PLoS Computational Biology 21(9): e1013432
doi:
https://doi.org/10.1371/journal.pcbi.1013432https://journals.plos.org/ploscompbiol/article?id=10.1371/journal.pcbi.1013432Abstract
Ubiquity of cancer across the tree of life yields opportunities to understand variation in cancer defences across species. Peto’s paradox, the finding that large-bodied species do not suffer from more cancer despite having more cells at risk of oncogenic mutations compared to small species, can be explained if large size selects for better cancer defences. Since birds live longer than non-flying mammals of equivalent size, and are descendants of moderate-sized dinosaurs, we ask whether ancestral cancer defences are retained if body size shrinks in a lineage. Our model derives selection coefficients and fixation events for changes in cancer defences over macroevolutionary time, based on known relationships between body size, cancer risk, extrinsic mortality, metabolic rate, and effective population size. We show that, if mutation rate is sufficiently high and cancer defences are costly, we expect birds to have lower cancer defences than their dinosaurian ancestors. However, if the evolution of cancer suppression is mutation limited, due to e.g. pleiotropy, birds may have kept excessive dinosaurian cancer defences, possibly explaining their low cancer risk. Counterintuitively, birds can then be ‘too robust’ for their own good, if excessive cancer suppression requires compromising reproductive rates. Yet, evolutionary innovations such as flight can increase longevity and keep selection for cancer suppression intact in birds, even if flight requires small body size. Retaining dinosaur-level cancer defences can then be adaptive, particularly if the evolution of flight is accompanied by an increase in cancer risk due to metabolic scaling. Overall, our study suggests that studying cancer suppression in birds can reveal alternative mechanisms to those found in mammals, possibly inherited from birds’ dinosaurian ancestors.
Author summary
Humans are not the only species suffering from cancer, yet cancer does not impact all life equally. Body size is relevant because maintaining a large number of cells in a tumour-free state necessitates improved cancer defences. Present-day birds appear adept at avoiding cancer, and live longer than similarly sized mammals.
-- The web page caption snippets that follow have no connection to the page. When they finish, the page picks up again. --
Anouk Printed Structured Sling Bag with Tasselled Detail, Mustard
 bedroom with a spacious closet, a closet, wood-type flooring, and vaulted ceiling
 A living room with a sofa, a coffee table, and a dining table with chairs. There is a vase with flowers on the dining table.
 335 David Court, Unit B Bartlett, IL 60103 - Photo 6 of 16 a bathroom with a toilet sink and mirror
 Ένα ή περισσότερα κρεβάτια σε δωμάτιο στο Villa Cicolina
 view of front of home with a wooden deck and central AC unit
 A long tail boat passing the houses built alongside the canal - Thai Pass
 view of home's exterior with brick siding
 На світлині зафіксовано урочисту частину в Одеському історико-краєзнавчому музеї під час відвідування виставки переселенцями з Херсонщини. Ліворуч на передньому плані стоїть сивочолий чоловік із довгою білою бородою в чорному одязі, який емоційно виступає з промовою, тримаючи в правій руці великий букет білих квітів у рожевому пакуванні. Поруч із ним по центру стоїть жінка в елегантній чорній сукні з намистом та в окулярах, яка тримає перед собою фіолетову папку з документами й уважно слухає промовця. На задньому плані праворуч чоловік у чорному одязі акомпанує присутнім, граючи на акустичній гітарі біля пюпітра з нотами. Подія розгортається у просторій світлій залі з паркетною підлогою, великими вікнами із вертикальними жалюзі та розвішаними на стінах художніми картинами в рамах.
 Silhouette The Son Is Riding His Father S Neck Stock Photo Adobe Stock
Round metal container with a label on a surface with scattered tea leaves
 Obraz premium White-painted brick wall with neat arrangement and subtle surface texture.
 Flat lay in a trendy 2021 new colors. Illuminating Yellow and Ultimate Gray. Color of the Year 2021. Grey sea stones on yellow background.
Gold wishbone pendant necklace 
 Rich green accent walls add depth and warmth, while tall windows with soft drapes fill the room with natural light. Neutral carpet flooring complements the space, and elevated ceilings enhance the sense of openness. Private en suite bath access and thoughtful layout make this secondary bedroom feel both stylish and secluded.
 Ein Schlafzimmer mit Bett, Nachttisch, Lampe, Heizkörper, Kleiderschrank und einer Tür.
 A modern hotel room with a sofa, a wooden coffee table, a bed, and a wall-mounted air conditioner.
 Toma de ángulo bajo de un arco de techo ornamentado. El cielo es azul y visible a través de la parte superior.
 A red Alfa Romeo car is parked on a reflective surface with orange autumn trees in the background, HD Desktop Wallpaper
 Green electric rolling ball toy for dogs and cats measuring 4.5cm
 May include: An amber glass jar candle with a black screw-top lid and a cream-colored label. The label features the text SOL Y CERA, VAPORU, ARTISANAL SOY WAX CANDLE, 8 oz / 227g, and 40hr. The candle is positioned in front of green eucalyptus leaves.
Since birds arose from a large-bodied dinosaur lineage rather than having always been small, we ask if evolutionary lags might explain their superior cancer defences. We model the circumstances under which dinosaurian anti-cancer innovations can still persist, making birds more cancer-resistant and longer-lived than mammals. We show that unless the process is mutation-limited, dinosaur-level cancer defences will decay over macroevolutionary time. However, evolutionary lags, when they do occur, can render birds cancer-robust and explain their relatively long lifespans. Eroding defences is made less likely by evolution of flight, which by reducing extrinsic mortality risk can make long lifespans feasible, and by metabolic scaling during shrinkage, if increasing mass-specific metabolic rate translates into an increase in the rate of cancer-causing mutations.